An opioid bill has made its way through the House and Senate in Washington and was sent to President Trump’s desk.
The SUPPORT for Patients and Communities Act (HR.6) received final congressional approval Wednesday, with the Senate voting 98-1 to send the bill to the White House. Mississippi Senators Roger Wicker and Cindy Hyde-Smith both supported the bill.
The comprehensive legislation is comprised of several opioid-related bills offered in the House and Senate, including the Hyde-Smith cosponsored Expanding Telehealth Response to Ensure Addiction Treatment (e-TREAT) Act to permanently allow access to substance use disorder treatment through telehealth technology under Medicare. This final bill includes the Opioid Crisis Response Act of 2018 and the Synthetics Trafficking and Overdose Prevention (STOP) Act.
“Opioid-related overdose deaths continue to rise in Mississippi, in addition to the crime and social problems associated with this crisis. Our response requires an all-hands-on-deck approach and this measure is intended to help get a grip on these challenges on the state and local levels,” Hyde-Smith said. “I’m pleased the bill includes provisions to help rural areas to treat and prevent opioid abuse.”

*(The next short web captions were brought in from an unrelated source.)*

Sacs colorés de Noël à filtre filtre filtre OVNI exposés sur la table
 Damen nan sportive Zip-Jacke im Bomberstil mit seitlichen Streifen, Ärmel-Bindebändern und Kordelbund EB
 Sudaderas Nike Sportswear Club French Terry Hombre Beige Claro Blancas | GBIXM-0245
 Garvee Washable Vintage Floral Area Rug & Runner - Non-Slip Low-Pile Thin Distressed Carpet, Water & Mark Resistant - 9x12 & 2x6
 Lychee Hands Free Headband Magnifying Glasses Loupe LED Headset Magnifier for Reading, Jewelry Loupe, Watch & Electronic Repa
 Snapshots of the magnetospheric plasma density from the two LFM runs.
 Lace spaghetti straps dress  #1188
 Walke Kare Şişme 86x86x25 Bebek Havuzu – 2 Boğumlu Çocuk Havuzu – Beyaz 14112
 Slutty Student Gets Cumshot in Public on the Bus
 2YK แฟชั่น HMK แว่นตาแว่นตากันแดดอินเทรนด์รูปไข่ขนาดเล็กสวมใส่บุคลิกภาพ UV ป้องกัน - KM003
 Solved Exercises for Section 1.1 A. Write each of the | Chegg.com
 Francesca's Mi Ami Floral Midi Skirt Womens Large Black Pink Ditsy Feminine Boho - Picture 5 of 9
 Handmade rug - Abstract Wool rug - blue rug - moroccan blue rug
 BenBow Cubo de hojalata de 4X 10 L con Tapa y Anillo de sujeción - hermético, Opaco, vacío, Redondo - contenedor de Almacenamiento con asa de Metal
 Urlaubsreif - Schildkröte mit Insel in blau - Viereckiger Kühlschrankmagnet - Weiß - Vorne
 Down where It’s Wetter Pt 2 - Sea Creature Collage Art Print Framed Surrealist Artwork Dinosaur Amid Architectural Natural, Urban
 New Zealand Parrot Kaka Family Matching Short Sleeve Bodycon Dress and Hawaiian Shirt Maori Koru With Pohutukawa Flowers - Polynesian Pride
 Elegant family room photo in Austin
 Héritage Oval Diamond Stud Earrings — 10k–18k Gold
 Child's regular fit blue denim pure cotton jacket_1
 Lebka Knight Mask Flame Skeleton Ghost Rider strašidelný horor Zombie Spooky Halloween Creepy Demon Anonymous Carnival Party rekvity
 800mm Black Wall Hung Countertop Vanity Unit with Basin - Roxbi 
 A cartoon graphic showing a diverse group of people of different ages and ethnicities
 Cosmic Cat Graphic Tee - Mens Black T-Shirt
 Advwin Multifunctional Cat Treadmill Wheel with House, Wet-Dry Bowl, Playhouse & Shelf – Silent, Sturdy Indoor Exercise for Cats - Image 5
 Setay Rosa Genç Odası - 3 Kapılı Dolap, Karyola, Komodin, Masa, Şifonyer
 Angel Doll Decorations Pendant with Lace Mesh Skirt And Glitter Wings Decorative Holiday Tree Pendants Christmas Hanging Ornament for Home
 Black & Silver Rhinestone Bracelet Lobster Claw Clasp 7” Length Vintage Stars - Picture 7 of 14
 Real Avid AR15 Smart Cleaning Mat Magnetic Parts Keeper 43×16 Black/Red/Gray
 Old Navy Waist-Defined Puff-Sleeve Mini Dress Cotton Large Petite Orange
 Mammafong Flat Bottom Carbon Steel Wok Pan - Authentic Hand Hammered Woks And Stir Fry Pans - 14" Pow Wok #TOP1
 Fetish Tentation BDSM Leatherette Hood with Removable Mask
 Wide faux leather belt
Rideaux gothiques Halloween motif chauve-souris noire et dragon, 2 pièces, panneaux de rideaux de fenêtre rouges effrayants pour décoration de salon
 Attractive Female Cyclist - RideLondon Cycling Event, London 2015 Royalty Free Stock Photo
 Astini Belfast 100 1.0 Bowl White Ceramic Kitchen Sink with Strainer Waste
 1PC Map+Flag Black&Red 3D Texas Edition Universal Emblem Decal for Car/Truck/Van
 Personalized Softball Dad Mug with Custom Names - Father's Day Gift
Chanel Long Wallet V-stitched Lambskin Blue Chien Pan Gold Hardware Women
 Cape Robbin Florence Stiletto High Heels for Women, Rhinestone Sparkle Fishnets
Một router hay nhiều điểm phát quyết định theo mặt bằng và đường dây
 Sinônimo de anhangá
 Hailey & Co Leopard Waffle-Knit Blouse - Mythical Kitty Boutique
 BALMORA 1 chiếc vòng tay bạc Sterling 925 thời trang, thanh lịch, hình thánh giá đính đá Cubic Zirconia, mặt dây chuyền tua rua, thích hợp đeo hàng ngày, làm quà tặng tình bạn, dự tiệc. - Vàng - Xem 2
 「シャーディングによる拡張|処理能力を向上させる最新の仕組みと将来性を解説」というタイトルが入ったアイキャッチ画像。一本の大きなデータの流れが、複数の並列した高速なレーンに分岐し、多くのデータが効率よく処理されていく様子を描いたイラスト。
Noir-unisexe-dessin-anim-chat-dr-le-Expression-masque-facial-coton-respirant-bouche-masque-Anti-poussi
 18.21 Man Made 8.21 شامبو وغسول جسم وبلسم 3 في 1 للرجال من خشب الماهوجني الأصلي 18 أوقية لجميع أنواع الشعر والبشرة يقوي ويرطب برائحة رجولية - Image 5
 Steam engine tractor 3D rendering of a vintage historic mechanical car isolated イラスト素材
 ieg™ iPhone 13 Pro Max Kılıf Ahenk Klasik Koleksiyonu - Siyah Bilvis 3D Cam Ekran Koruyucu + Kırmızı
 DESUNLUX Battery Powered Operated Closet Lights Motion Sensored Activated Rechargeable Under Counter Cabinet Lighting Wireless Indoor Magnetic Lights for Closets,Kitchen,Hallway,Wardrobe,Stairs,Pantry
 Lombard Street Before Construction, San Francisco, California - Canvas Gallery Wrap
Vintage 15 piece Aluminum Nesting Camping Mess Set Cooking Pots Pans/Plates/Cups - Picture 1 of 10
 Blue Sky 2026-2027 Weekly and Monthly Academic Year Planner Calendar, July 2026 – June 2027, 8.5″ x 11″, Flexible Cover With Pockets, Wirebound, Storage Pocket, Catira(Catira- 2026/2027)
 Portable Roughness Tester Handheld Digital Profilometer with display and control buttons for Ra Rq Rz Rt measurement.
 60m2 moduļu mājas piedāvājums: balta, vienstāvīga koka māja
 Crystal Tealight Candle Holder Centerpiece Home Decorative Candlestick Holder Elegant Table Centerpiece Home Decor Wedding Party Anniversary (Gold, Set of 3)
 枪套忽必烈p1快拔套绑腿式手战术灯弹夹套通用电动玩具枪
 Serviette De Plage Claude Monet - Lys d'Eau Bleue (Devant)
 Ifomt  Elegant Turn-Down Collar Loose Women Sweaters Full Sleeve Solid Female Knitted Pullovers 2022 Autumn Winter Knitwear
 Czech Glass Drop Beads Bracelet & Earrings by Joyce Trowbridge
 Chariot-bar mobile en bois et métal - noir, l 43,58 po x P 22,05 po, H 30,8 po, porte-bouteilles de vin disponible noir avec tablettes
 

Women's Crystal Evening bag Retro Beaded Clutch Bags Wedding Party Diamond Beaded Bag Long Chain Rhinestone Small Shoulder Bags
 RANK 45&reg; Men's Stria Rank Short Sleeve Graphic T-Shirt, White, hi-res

During a ceremony to celebrate the signing of the bill, President Trump thanked Congress for their work on passing the legislation and stated that the fight against the epidemic will continue.
“Together, we will defeat this epidemic — it’s a true epidemic — as one people, one family, and one magnificent nation under God,” President Trump said.
This signing of this bill comes one year after President Trump declared the crisis as a national public health emergency. With Mississippi receiving a portion of the funds, President Trump stated that $6 billion in new funding has been secured to combat opioids.
The Mississippi Board of Pharmacy, in collaboration with the Mississippi Bureau of Narcotics and other agencies, issued an interagency report in April which showed that a majority of overdose deaths in Mississippi in 2017 were opioid-related. It also assessed drug-related crime in the state, noting almost 20,000 drug-related arrests last year.